Records for processing:

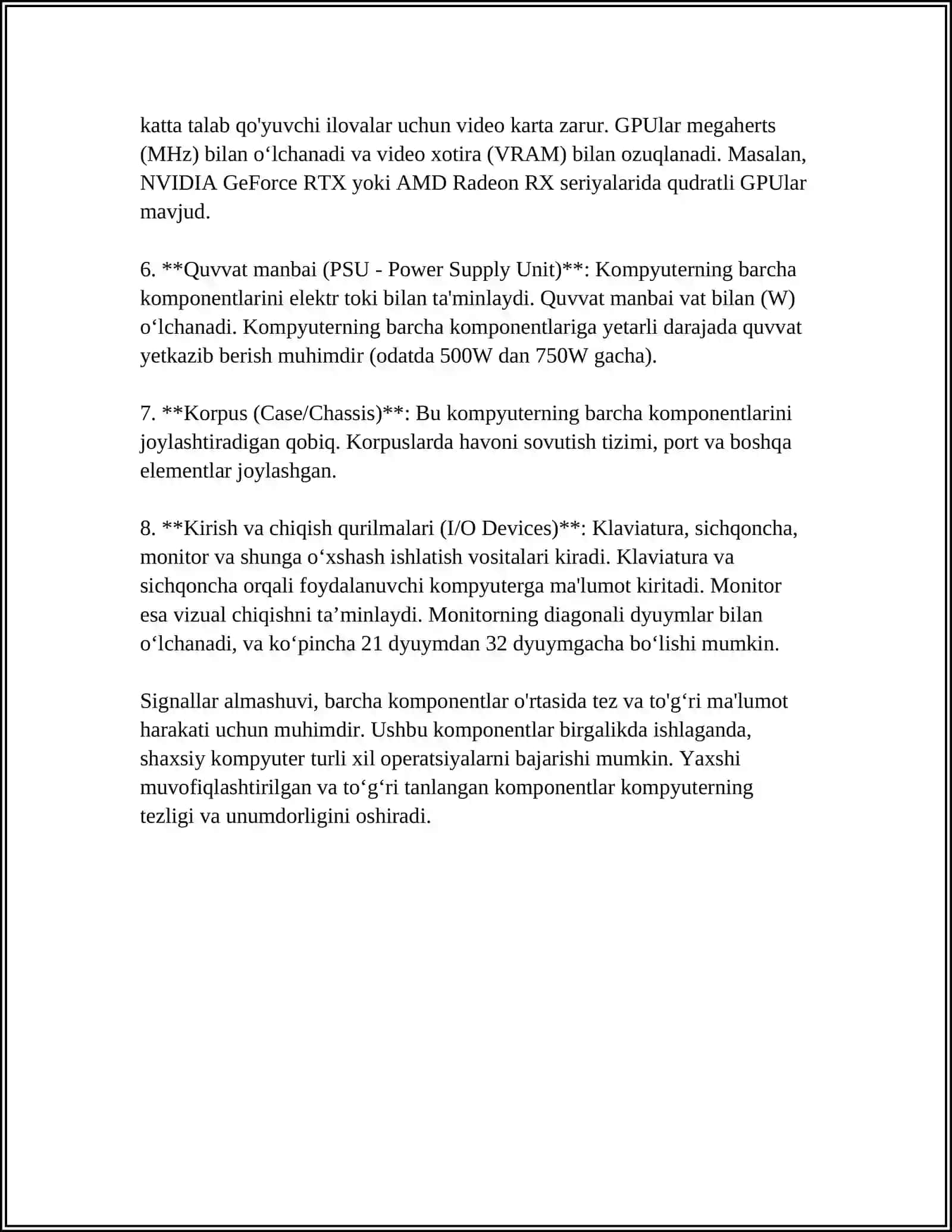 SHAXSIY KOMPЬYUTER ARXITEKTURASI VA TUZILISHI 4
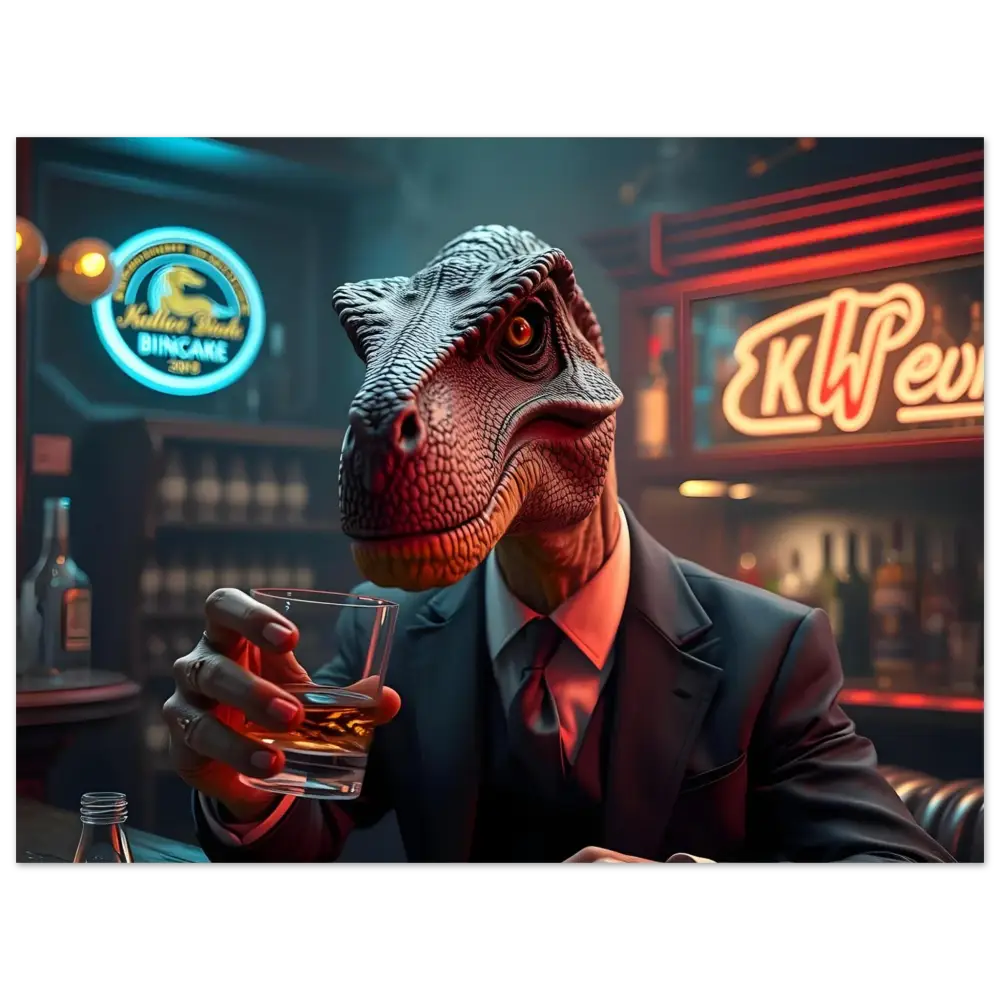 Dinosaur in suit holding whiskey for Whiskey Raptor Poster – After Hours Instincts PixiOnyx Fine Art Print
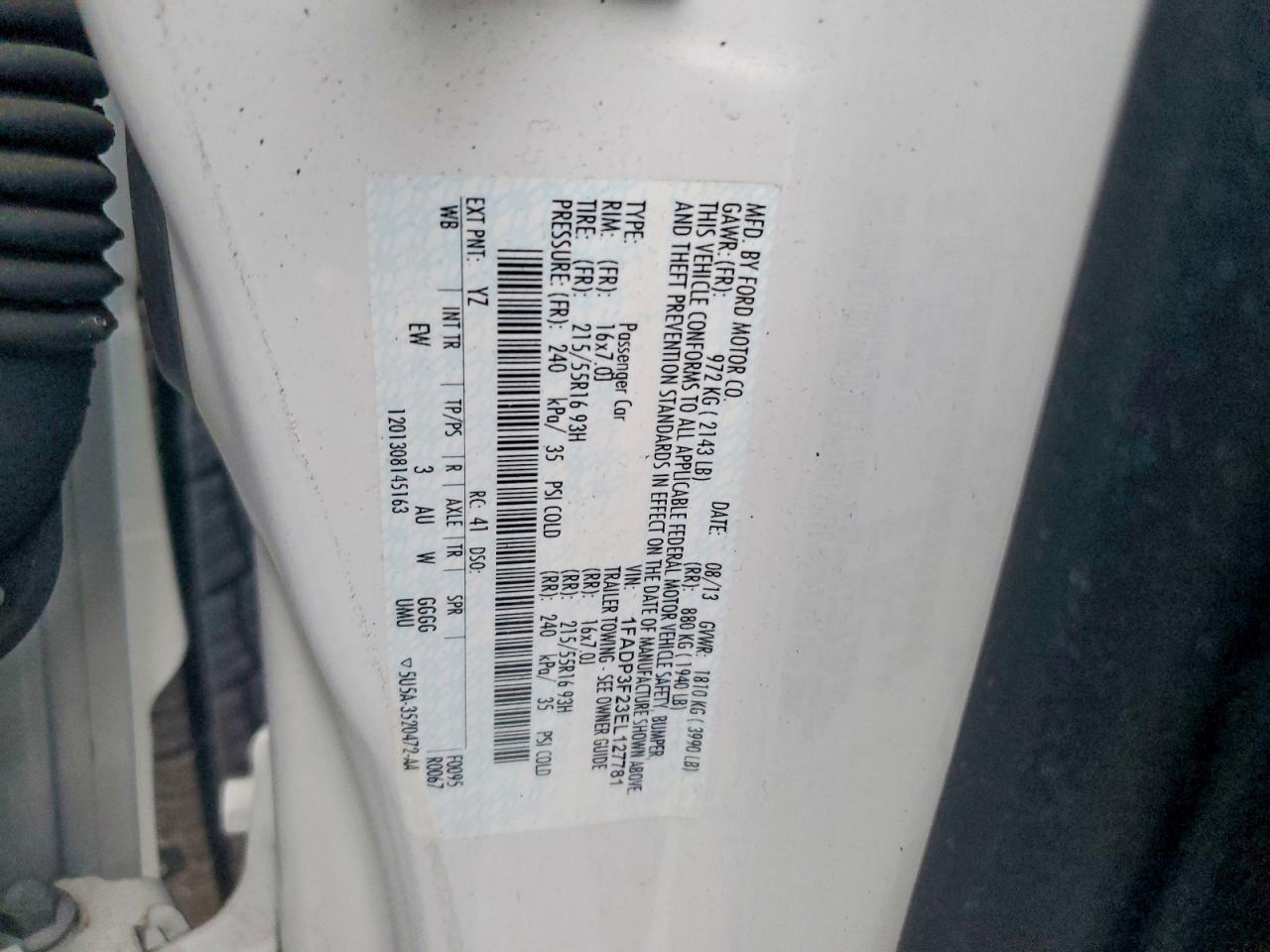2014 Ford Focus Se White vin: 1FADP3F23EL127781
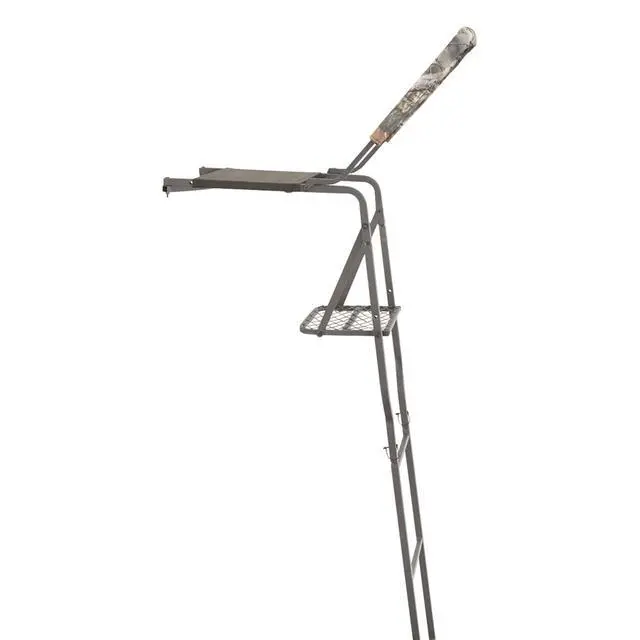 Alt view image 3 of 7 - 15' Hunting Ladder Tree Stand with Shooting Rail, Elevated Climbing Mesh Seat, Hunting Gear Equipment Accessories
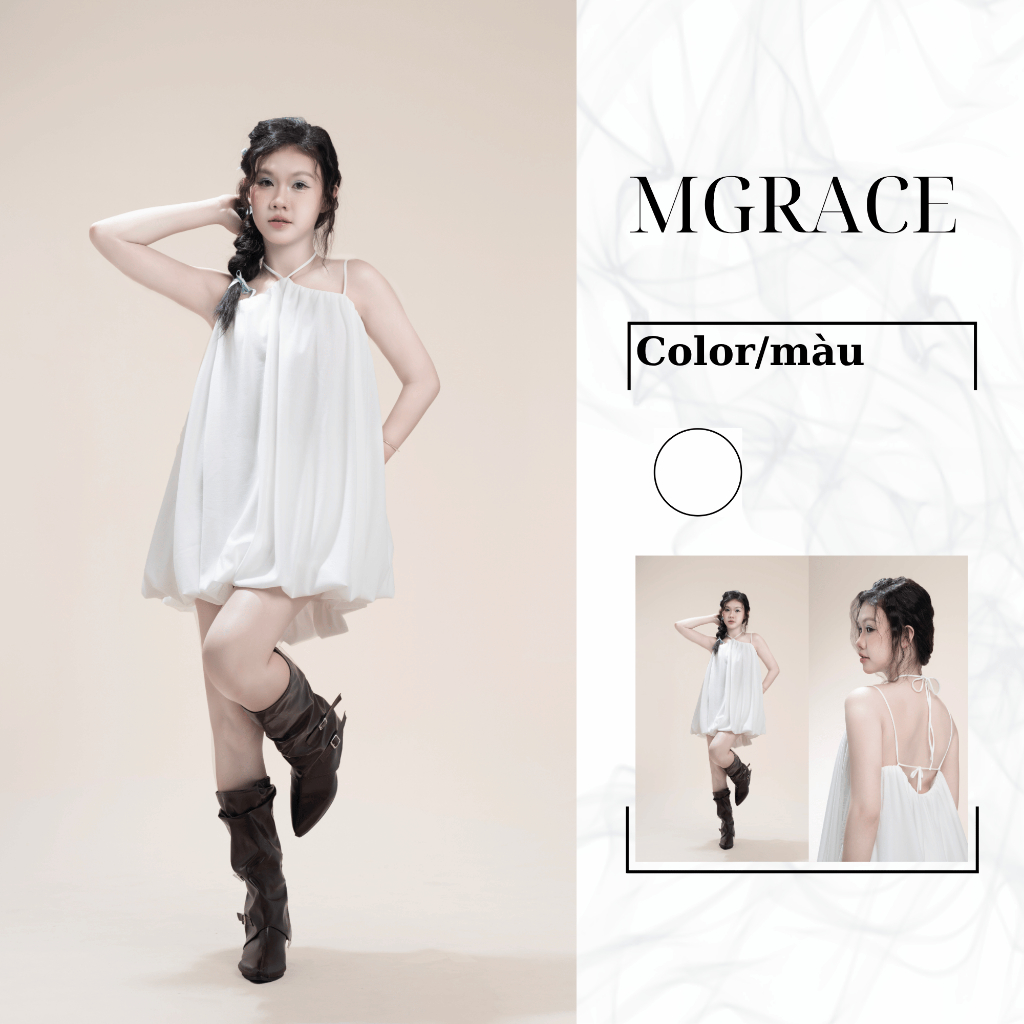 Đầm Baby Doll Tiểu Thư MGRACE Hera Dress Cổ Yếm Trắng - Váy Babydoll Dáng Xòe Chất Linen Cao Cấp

Exercise instructions: When the line containing "Alt view image" has been located, retype it and each line after it through the end of the records, excluding the pictures and adding nothing else.

Answer space:
 Alt view image 3 of 7 - 15' Hunting Ladder Tree Stand with Shooting Rail, Elevated Climbing Mesh Seat, Hunting Gear Equipment Accessories
 Đầm Baby Doll Tiểu Thư MGRACE Hera Dress Cổ Yếm Trắng - Váy Babydoll Dáng Xòe Chất Linen Cao Cấp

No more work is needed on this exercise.